* _Provided entries_
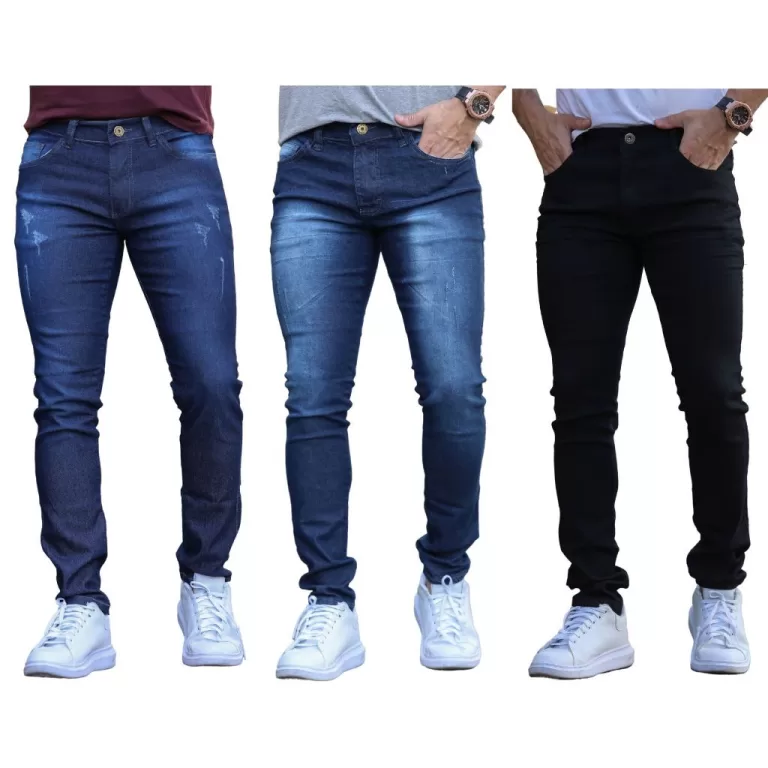 Kit 3 Calças Jeans Masculina Skinny Elastano Casu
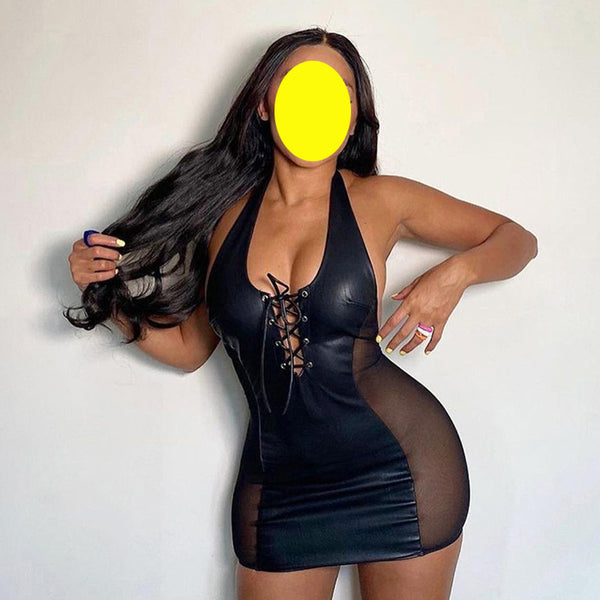 Trendy Women Halter Neck V-neck Open Back Side Mesh Leatherlook Stitching Hip Dress
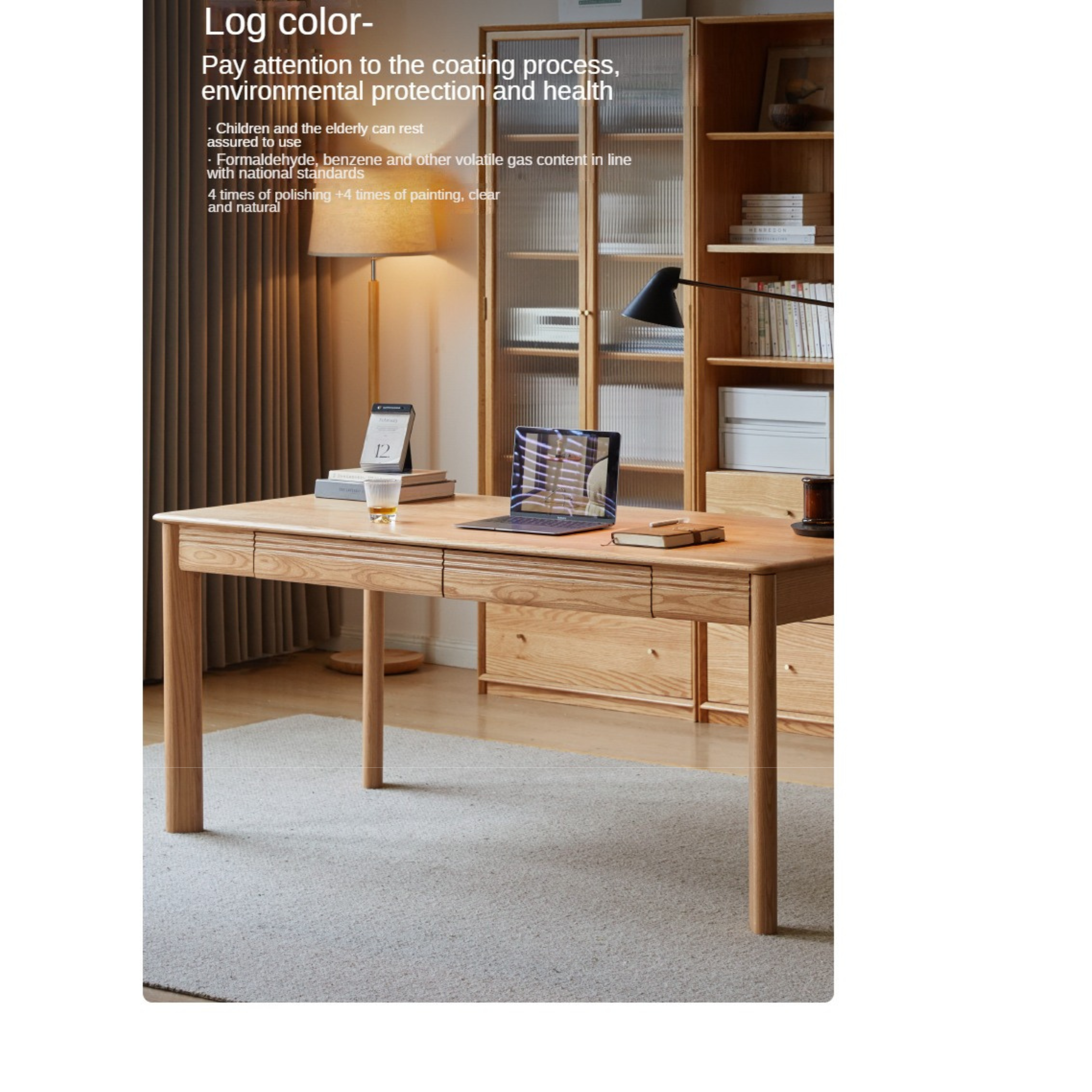 Oak, Ash Solid Wood Long Office Desk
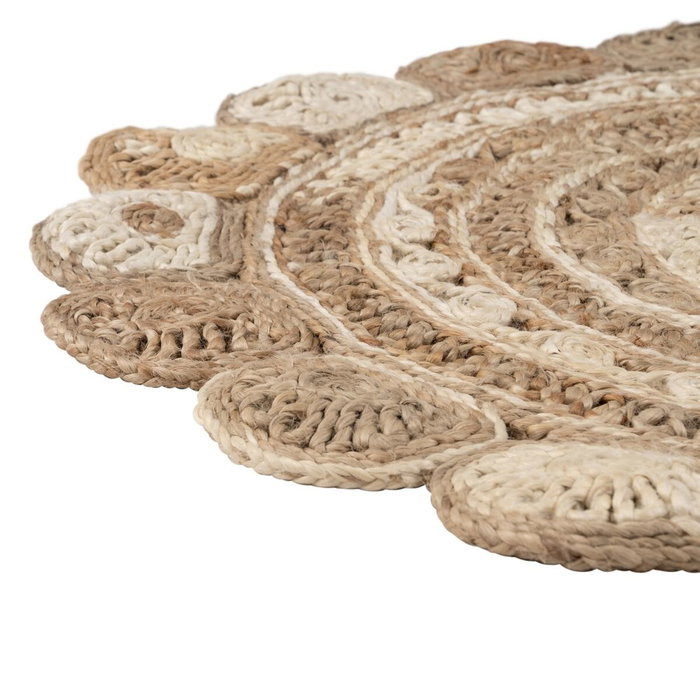 BigBuy Home Tapis Naturel Blanc Jute 120 x 120 cm BigBuy Home Tapis Naturel Blanc Jute 120 x 120 cm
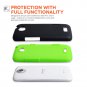 HTC One X Case Dual Combo Silicone Cover Black / Green With Screen Protector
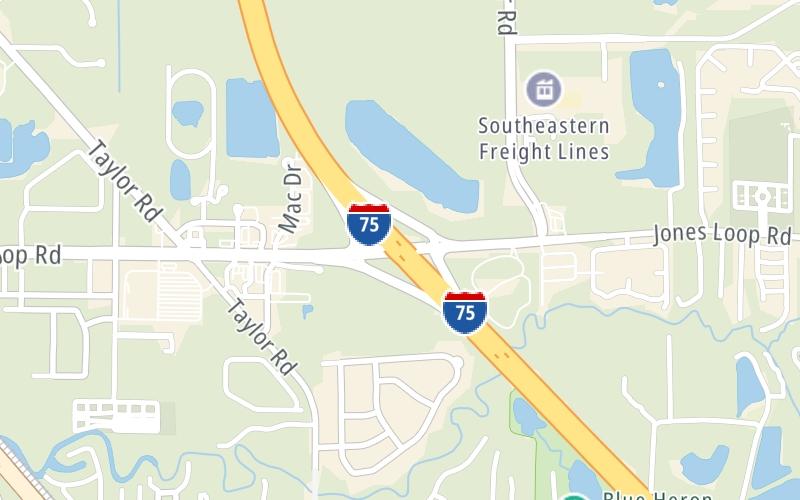 Static map of Interstate 75 at N. Jones Loop Rd.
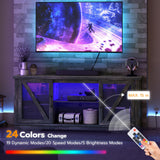 HOOBRO Farmhouse TV Stand, TV Stand for 75 Inch TV, Media Entertainment Center with LED Lights and Power Outlets, TV Console Table for Living Room, TV Stand with Storage, Dark Rustic Oak FP71UDDS01 HOOBRO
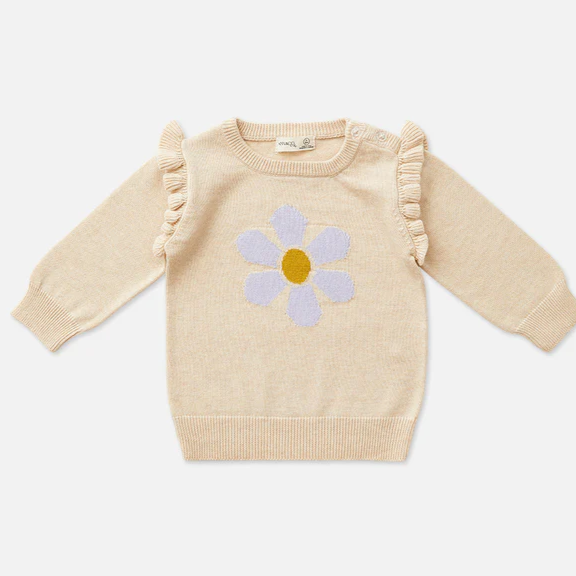 US stockist of Miann & Co's frill knit sweater in Lavender Daisy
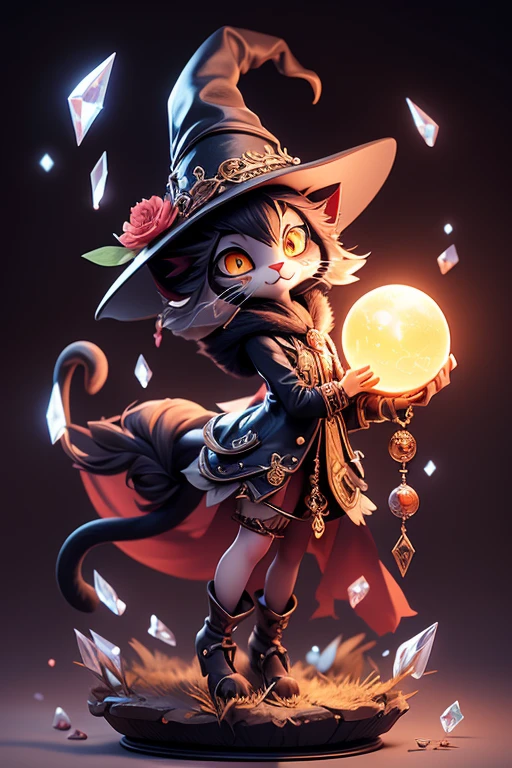 Create an image of a cat monster wearing a witch's hat. A large crystal ball with fortune telling symbols is in the front.. The images are sharp and detailed, with beautiful colors.. Has arms, legs, eyes, mouth, white background.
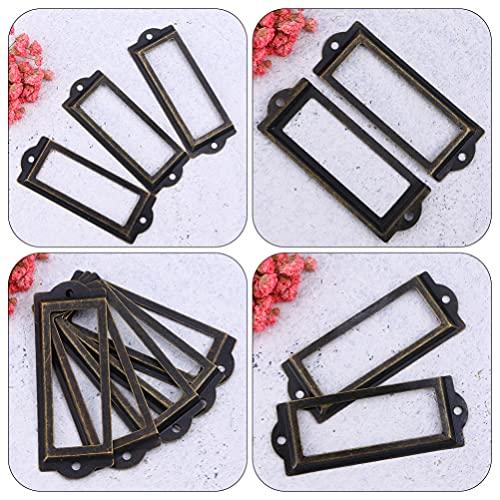 TOPBATHY TOPBATHY 24pcs Copper Metal Card Holder Drawer Pull Drawer Tag Label Holders Label Frame Card Pull Handles for Office Library File Cabinet Accessories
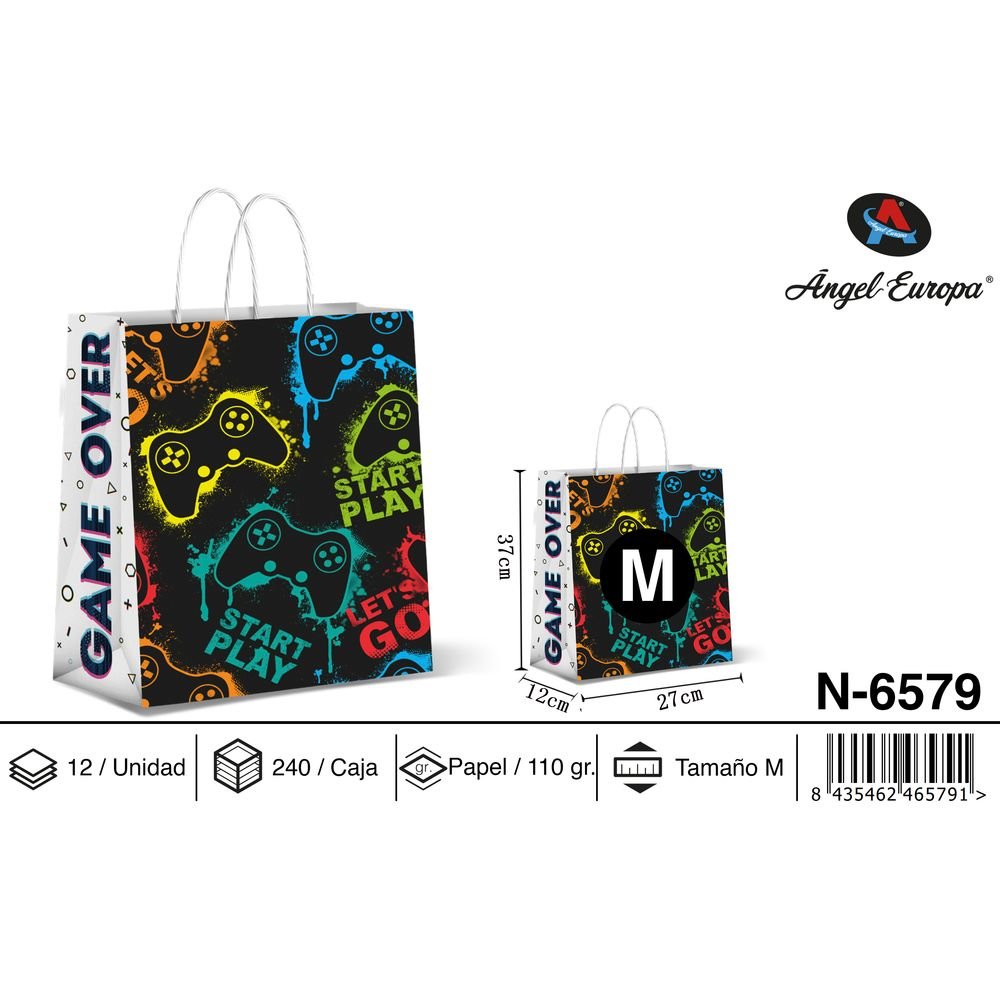 BOLSA PAPEL REGALO GAME OVER 27X12X37 | ANGEL EUROPA | ENVASE 12 UDS. UNIDAD | 8435462465791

* _What needs to be done_
Setting the pictures aside, return exactly the lines from the line with "Oak, Ash Solid Wood Long Office Desk" through the last line of the listing above.

* _Answer to this problem_
 Oak, Ash Solid Wood Long Office Desk
 BigBuy Home Tapis Naturel Blanc Jute 120 x 120 cm BigBuy Home Tapis Naturel Blanc Jute 120 x 120 cm
 HTC One X Case Dual Combo Silicone Cover Black / Green With Screen Protector
 Static map of Interstate 75 at N. Jones Loop Rd.
 HOOBRO Farmhouse TV Stand, TV Stand for 75 Inch TV, Media Entertainment Center with LED Lights and Power Outlets, TV Console Table for Living Room, TV Stand with Storage, Dark Rustic Oak FP71UDDS01 HOOBRO
 US stockist of Miann & Co's frill knit sweater in Lavender Daisy
 Create an image of a cat monster wearing a witch's hat. A large crystal ball with fortune telling symbols is in the front.. The images are sharp and detailed, with beautiful colors.. Has arms, legs, eyes, mouth, white background.
 TOPBATHY TOPBATHY 24pcs Copper Metal Card Holder Drawer Pull Drawer Tag Label Holders Label Frame Card Pull Handles for Office Library File Cabinet Accessories
 BOLSA PAPEL REGALO GAME OVER 27X12X37 | ANGEL EUROPA | ENVASE 12 UDS. UNIDAD | 8435462465791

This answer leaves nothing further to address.